He Didn’t Come Today

Shiva didn’t mean to get there early.

He told himself it was just a coincidence.

His lecture had ended a bit sooner than usual, the campus was stuffy, and the neem tree had better shade than the hostel lounge.

That’s all.

It wasn’t because he expected Rohan to show up.

It wasn’t like that.

Still, he checked the time twice while pretending to read.

Fifteen minutes passed.

No sign of the black hoodie. No headphone wires. No popcorn crinkles. No unnecessary humming.

Just silence.

Shiva turned a page in his textbook — again, without reading a single word.
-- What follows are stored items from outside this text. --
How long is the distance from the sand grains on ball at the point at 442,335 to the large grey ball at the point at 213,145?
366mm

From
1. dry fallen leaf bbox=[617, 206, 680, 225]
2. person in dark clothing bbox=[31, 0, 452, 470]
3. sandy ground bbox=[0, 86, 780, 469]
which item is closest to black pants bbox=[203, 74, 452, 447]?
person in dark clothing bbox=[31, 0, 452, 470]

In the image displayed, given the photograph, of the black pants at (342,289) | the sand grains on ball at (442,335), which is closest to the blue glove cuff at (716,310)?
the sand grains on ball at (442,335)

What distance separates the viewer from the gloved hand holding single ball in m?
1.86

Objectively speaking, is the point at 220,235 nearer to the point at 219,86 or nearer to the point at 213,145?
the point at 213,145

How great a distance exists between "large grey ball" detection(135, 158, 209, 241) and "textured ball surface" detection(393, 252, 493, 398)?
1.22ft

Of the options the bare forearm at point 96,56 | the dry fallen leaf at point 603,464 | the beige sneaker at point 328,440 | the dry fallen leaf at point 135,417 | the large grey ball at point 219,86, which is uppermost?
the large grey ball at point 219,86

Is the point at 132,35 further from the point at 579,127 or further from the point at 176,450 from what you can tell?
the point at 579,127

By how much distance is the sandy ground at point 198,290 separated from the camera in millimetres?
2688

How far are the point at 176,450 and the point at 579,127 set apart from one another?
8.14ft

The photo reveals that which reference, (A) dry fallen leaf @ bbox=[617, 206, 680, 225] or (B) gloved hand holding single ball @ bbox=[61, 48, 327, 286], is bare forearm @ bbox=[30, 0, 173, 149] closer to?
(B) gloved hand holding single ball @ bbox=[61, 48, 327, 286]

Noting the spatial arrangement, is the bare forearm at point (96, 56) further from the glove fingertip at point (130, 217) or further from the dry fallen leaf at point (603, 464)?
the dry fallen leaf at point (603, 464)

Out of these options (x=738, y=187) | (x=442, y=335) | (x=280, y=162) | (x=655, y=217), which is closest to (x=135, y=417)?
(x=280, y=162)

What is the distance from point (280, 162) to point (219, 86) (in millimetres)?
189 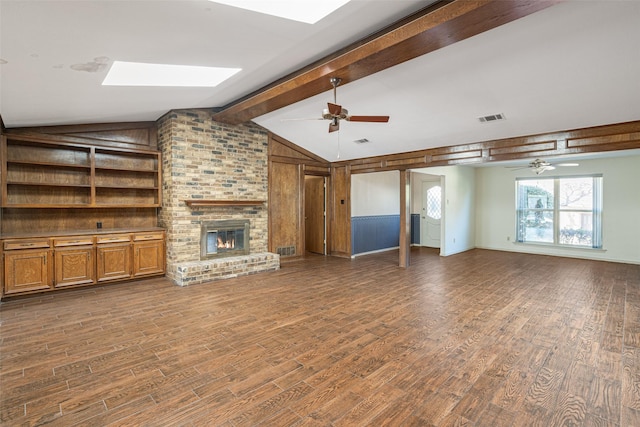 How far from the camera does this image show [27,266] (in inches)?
179

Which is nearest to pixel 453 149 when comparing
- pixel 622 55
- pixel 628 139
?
pixel 628 139

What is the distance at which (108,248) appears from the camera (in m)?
5.21

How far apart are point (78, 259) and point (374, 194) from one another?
679cm

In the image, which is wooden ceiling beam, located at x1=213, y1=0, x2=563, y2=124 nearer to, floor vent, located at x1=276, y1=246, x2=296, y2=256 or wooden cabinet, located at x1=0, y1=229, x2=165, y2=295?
wooden cabinet, located at x1=0, y1=229, x2=165, y2=295

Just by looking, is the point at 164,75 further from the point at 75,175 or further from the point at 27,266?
the point at 27,266

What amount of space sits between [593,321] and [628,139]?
2590mm

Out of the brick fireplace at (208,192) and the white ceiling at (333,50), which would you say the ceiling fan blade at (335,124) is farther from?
the brick fireplace at (208,192)

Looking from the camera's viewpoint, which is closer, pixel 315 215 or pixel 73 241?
pixel 73 241

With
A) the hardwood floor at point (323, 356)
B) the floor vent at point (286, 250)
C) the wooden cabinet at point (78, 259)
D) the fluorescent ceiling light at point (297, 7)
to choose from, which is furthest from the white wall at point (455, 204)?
the wooden cabinet at point (78, 259)

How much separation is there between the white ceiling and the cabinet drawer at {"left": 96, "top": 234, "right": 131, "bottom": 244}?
1.89 metres

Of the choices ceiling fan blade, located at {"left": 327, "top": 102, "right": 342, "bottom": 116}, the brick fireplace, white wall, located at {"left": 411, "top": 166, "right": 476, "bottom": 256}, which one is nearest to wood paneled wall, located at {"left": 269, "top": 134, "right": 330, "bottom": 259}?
the brick fireplace

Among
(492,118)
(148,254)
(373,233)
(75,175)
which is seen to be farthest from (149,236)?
(492,118)

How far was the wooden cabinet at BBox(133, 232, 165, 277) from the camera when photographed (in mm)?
5520

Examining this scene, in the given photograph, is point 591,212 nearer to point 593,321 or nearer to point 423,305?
point 593,321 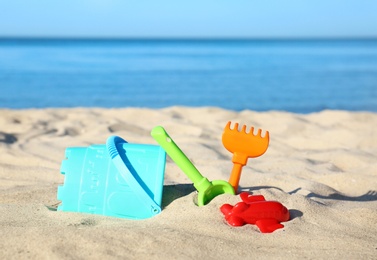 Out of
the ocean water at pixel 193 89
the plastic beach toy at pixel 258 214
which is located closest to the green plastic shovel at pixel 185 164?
the plastic beach toy at pixel 258 214

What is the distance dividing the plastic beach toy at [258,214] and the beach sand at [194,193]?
0.03 meters

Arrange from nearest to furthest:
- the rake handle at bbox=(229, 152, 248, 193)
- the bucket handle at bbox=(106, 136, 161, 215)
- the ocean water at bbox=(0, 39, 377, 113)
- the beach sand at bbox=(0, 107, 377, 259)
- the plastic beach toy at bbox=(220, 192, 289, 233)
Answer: the beach sand at bbox=(0, 107, 377, 259) → the plastic beach toy at bbox=(220, 192, 289, 233) → the bucket handle at bbox=(106, 136, 161, 215) → the rake handle at bbox=(229, 152, 248, 193) → the ocean water at bbox=(0, 39, 377, 113)

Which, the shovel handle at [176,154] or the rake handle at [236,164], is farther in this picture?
the rake handle at [236,164]

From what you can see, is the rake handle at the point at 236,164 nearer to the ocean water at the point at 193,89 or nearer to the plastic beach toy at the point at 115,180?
the plastic beach toy at the point at 115,180

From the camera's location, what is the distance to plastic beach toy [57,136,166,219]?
8.85ft

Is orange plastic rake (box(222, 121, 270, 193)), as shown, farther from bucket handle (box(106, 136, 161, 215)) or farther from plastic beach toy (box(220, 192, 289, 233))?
bucket handle (box(106, 136, 161, 215))

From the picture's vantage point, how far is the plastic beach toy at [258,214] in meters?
2.52

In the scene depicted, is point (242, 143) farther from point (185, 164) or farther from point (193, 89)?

He stared at a formula for entropy like it would suddenly rearrange into something meaningful.

He tried to focus. He really tried.

But it was different today. The silence felt heavier, denser. Like a thick fog of what’s missing had settled around him.

He kept glancing toward the corner where Rohan usually appeared — the bend behind the mess block, the shortcut from the canteen.

Every small movement made his heart react before his head could.

Nothing.

Another ten minutes passed.

A group of juniors passed by, laughing about something that echoed too loudly in the quiet afternoon.

Shiva closed his book and sat still. Not reading. Not waiting. Just... sitting.

Still. Silent. Like a question with no answer.

He didn’t know why it bothered him so much. It was just one day. Maybe Rohan had class. Maybe he had plans. Maybe he forgot.

But forgetting?

That somehow made it worse.

For the past few days, Rohan had been there — annoying, loud, distracting — but there.

And even though Shiva never admitted it out loud, he'd started… expecting it.

The way you expect the sun to show up after 6:30, or the sound of the bell before lunch. It wasn’t dramatic. Just normal.

Now it felt like something had gone missing from his day, from his space.

From under the tree.

He stayed for almost half an hour, eyes on the page, seeing none of it.

Eventually, he left.

Not in a rush. Not with purpose.

Just… quietly. Like someone walking away from something they hoped would appear if they just waited a little longer.

And he hated that it made him feel something.

📖 Meanwhile…

Rohan sat on the floor in his living room, back against the sofa, phone face-down beside him.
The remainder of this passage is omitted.